(TASK DIRECTIONS) Return the lines below exactly, please, from the one containing "Professional Golf Management" through the last one, both included, and leave out any pictures.

(RECORDS FOR THIS EXERCISE)
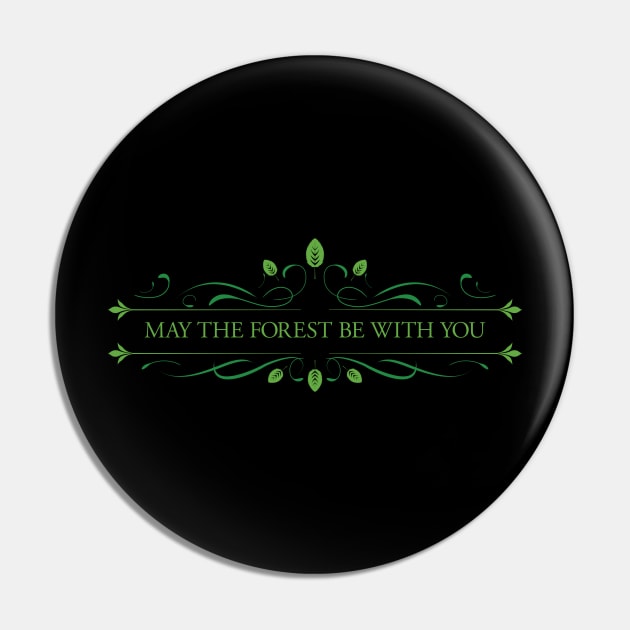 May the Forest Be with You Pin by SWON Design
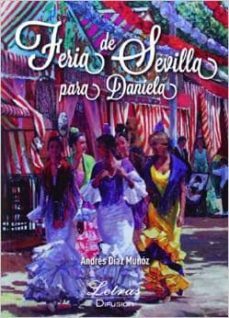 feria de sevilla para daniela-andres diaz muñoz-9788492656318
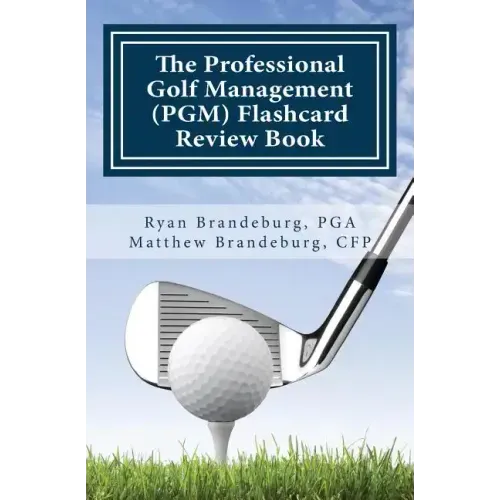 Professional Golf Management (PGM) Flashcard Review Book: Comprehensive Flashcards for PGM Levels 1, 2, and 3 (3rd Edition)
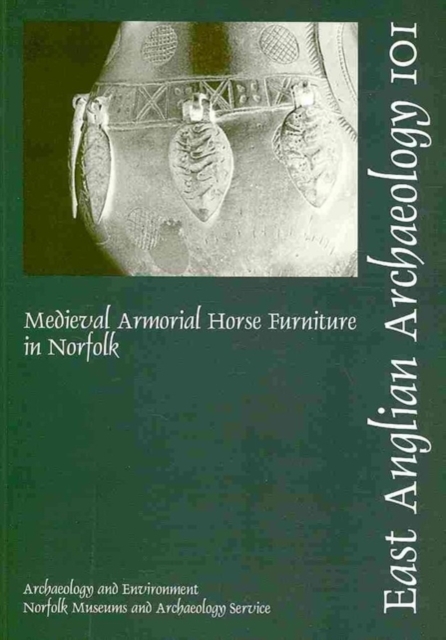 EAA 101: Medieval Armorial Horse Furniture in Norfolk, Paperback / softback Book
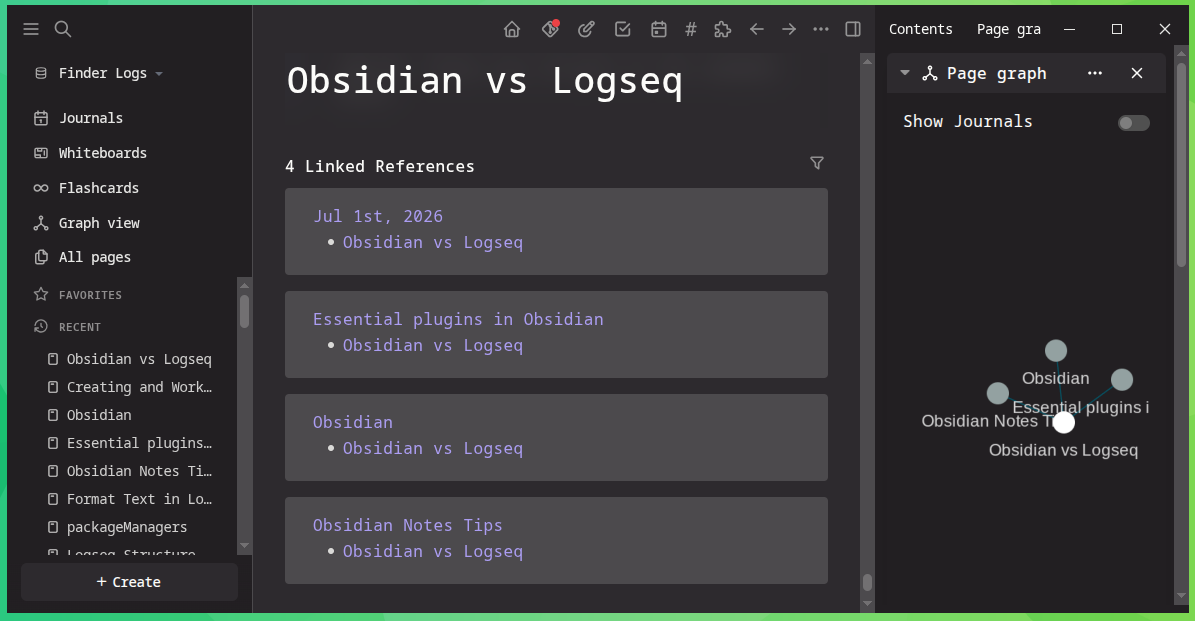 Logseq shows backlinks of the current note and a page specific graph.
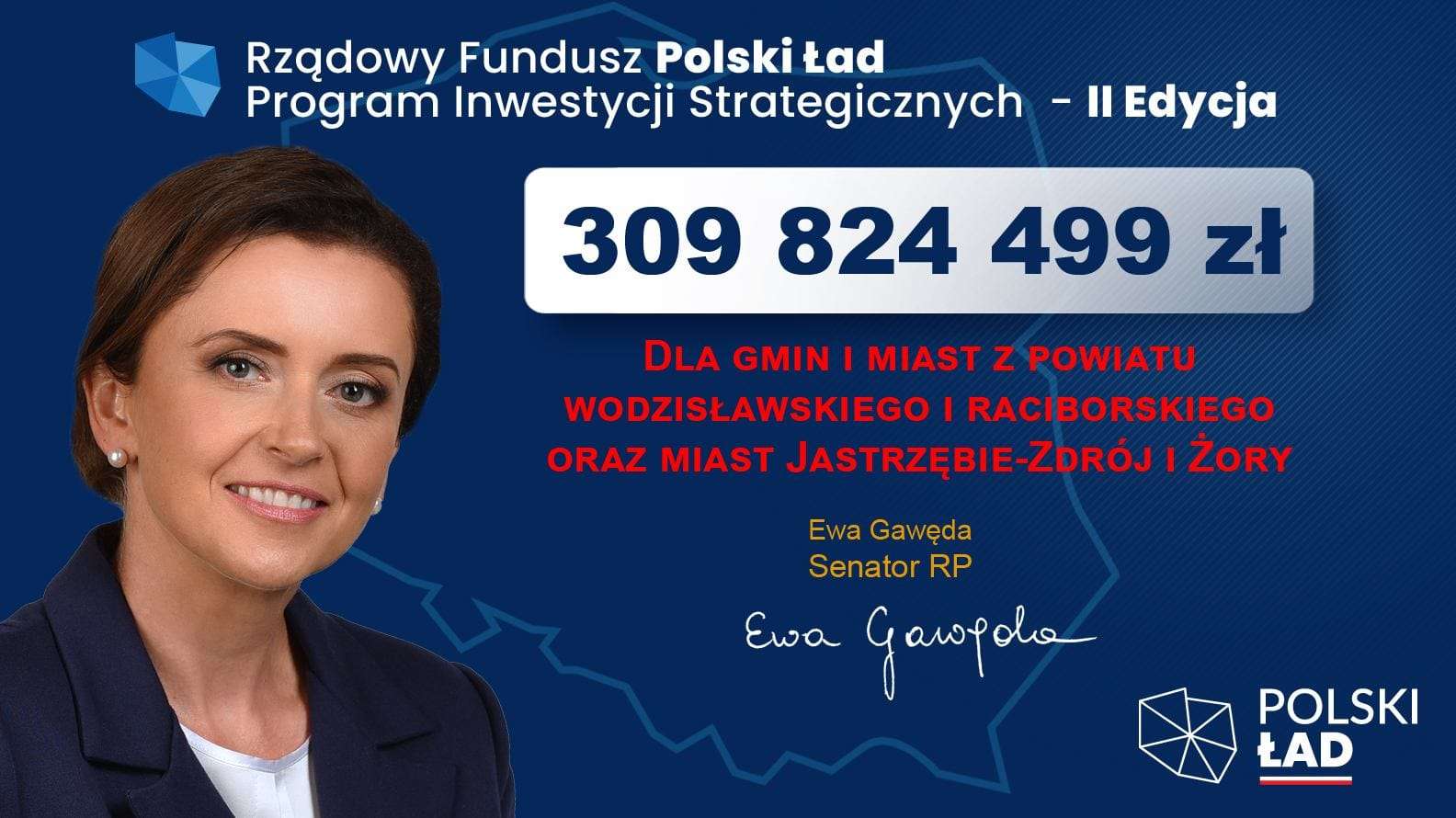 Materiały prasowe Senator Ewa Gawęda firmuje rozdanie dla naszego regionu w ramach 2. edycji Polskiego Ładu swoją twarzą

(ANSWER TO THE PROBLEM)
 Professional Golf Management (PGM) Flashcard Review Book: Comprehensive Flashcards for PGM Levels 1, 2, and 3 (3rd Edition)
 EAA 101: Medieval Armorial Horse Furniture in Norfolk, Paperback / softback Book
 Logseq shows backlinks of the current note and a page specific graph.
 Materiały prasowe Senator Ewa Gawęda firmuje rozdanie dla naszego regionu w ramach 2. edycji Polskiego Ładu swoją twarzą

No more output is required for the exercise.